To be fair, the CLG website is a large and very fluid organism and I hope we can forgive the occasional 404. I hope we can also recognise that not all politicians have been slow to respond to climate change and not all can be blamed for the failure of the summit.
But the connection between transitory, even capricious, attitudes to policy and critical failures of leadership is wholly valid. I'd like to add that it's part of a wider culture which may or may not be fuelled by government attitudes. This culture includes over-emphasis on novelty and innovation; reluctance to refer to the past of more than a few months, in case it tells us things we don't want to know; and systematic dismissal of the experience of older people.
It also encompasses the cultural devaluation of loyalty. Sports celebrities aren't expected to show loyalty to their teams; nor employers to their employees or vice versa; nor teachers to their schools, nor consumers to their brands. Nor families to each other. Nor, as Julian's post reminds us, do governments seem concerned to remain loyal to their policies.

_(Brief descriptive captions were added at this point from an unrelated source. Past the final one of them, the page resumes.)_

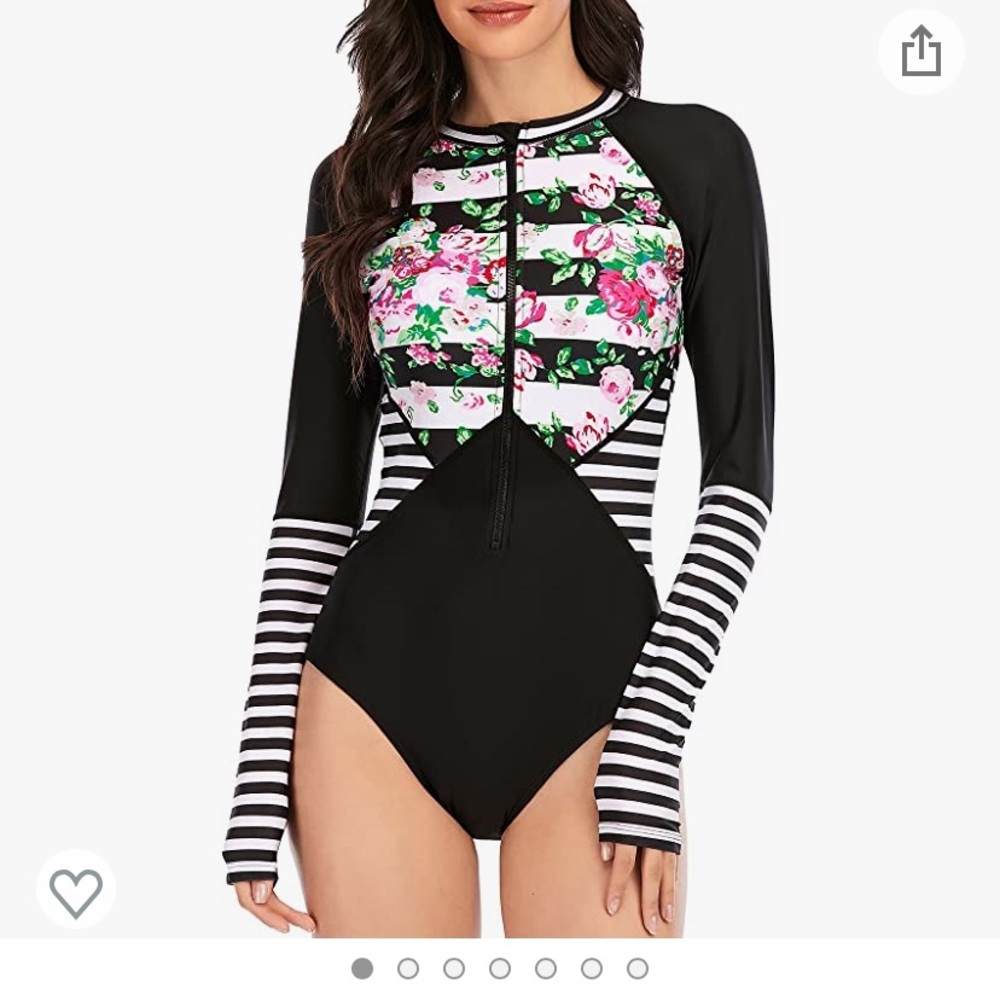 Womens Long sleeve swimsuit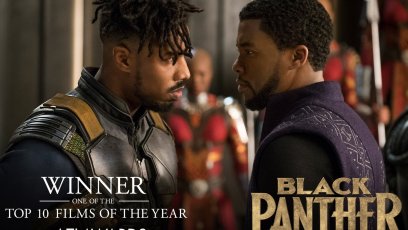‘Black Panther’ Named One of the 10 Best Films of the Year by the American Film Institute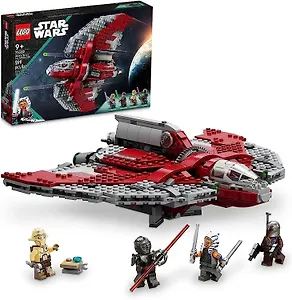 LEGO Star Wars: Джедайский шаттл T-6 Асоки Тано, 599 деталей (75362)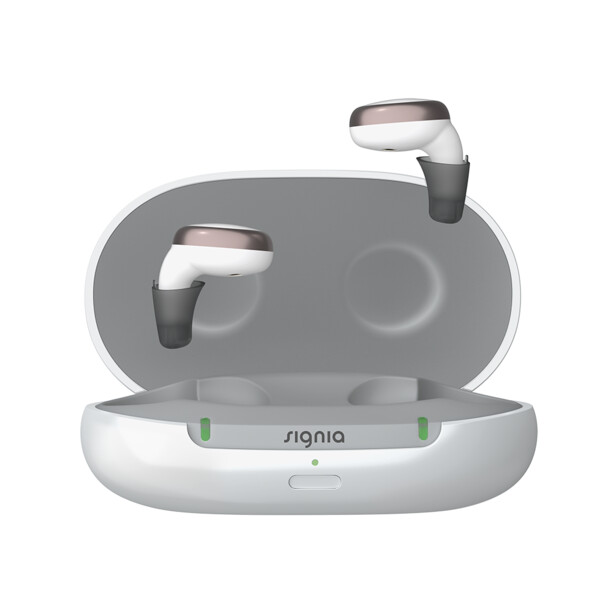 新品同様 定価330000円 シグニア 充電式 補聴器 左耳 Signia Active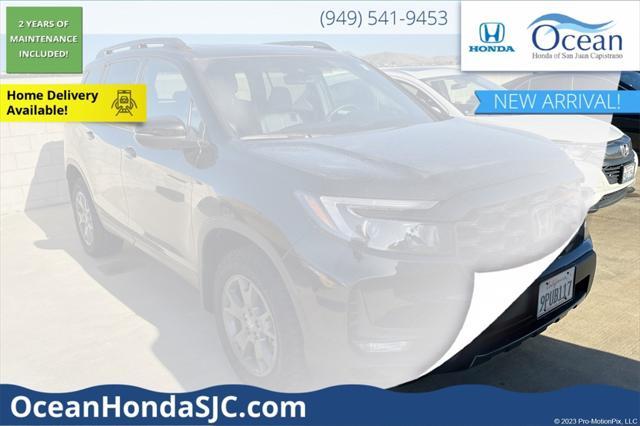 used 2025 Honda Passport car, priced at $42,588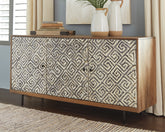 Hoover Furniture Outlet - Ashley Furniture - Kerrings Accent Cabinet - Accent Cabinet - A4000258
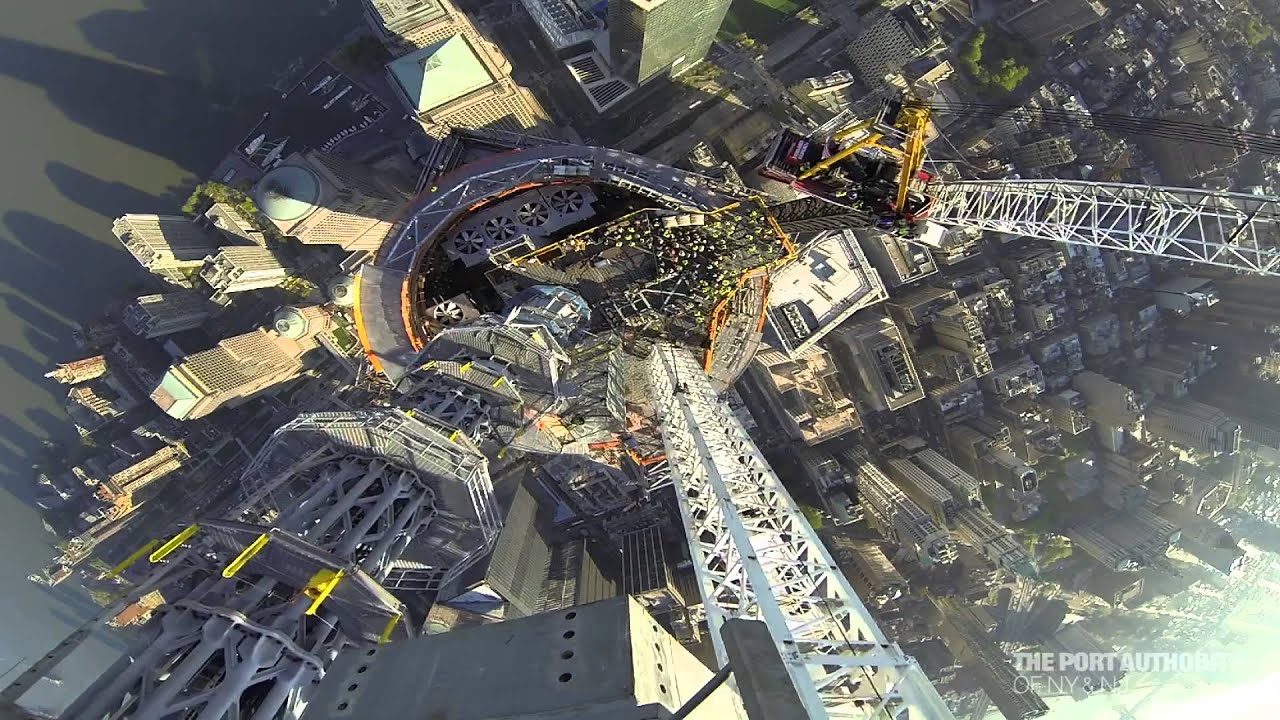 Dizzying View: World Trade Center Spire Installed | Video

Only people of faith seem to be exceptions to this rule. If young people are supposed to inherit values from the adult world, this does not bode well.
This phenomenon plays out in a curious way in our hurried public language, nowadays saturated with Important Verbs. Take this for example from Steph Gray's Helpful technology blog, coralling verbs from various government departments:
At the FCO, it’s Listen, Publish, Engage, Evaluate. In the DIUS of Justin Kerr-Stevens, it was Educate, Enable, Engage, Promote.

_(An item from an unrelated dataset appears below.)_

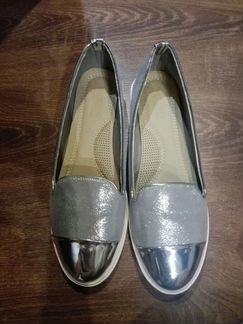 Нарядные слипоны туфли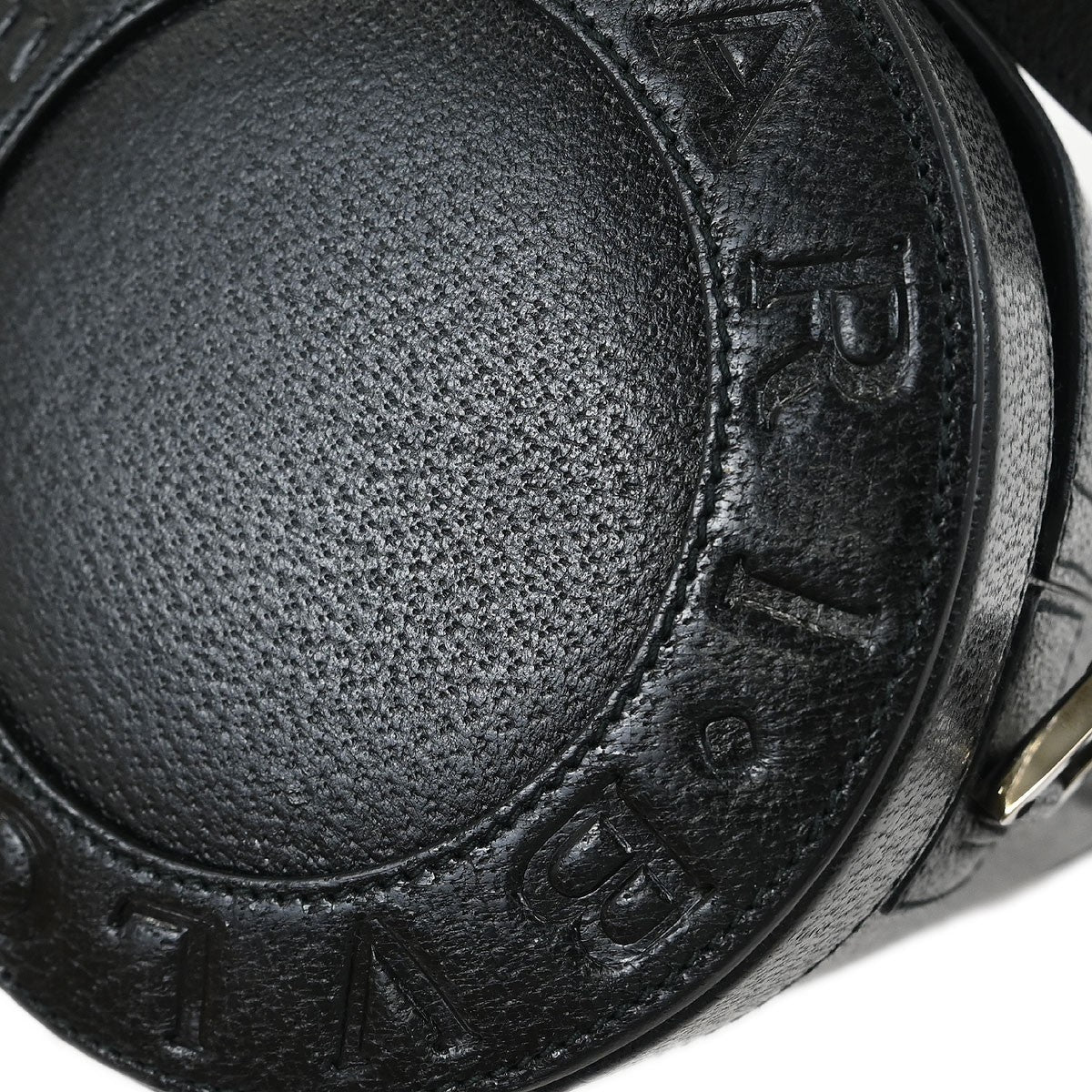 Bvlgari B.Zero1 Logomania Bag Leather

For Steph, it's listening, explaining, engaging, convening. Others commenting think 'connect' and 'collaborate' should be in there. I've played this game meself in suggesting a model for participative evaluation (Listen, Interpret, Play back, Listen, Interpret, Report). And so it goes on. A few weeks ago DCMS published a widely-condemned document called Empower, Inform, Enrich - of which Rachel Cooke wrote 'sounds like a scented candle'.
Why are we all doing this? I suspect the media and politics engine driving this culture can't stop itself accelerating and we're at risk of losing the habit of reflection. I'm not sure I want to be on board. (Just a quick observation, feel free to tweet).
Thanks for the link, and I think you've hit the nail on the head here. Perhaps we should gauge the value of any initiative or policy by the amount of time that's built in for reflection and learning.
If I were to play the Important Verbs game, I might choose Think, Question, Decide, Do. Not that all the connection and engagement and listening and enabling and all the rest aren't important. But we need to employ critical skills, weigh things up, and then act. Basic, I know, but we seem to see a lot of critique without action, and action without critique.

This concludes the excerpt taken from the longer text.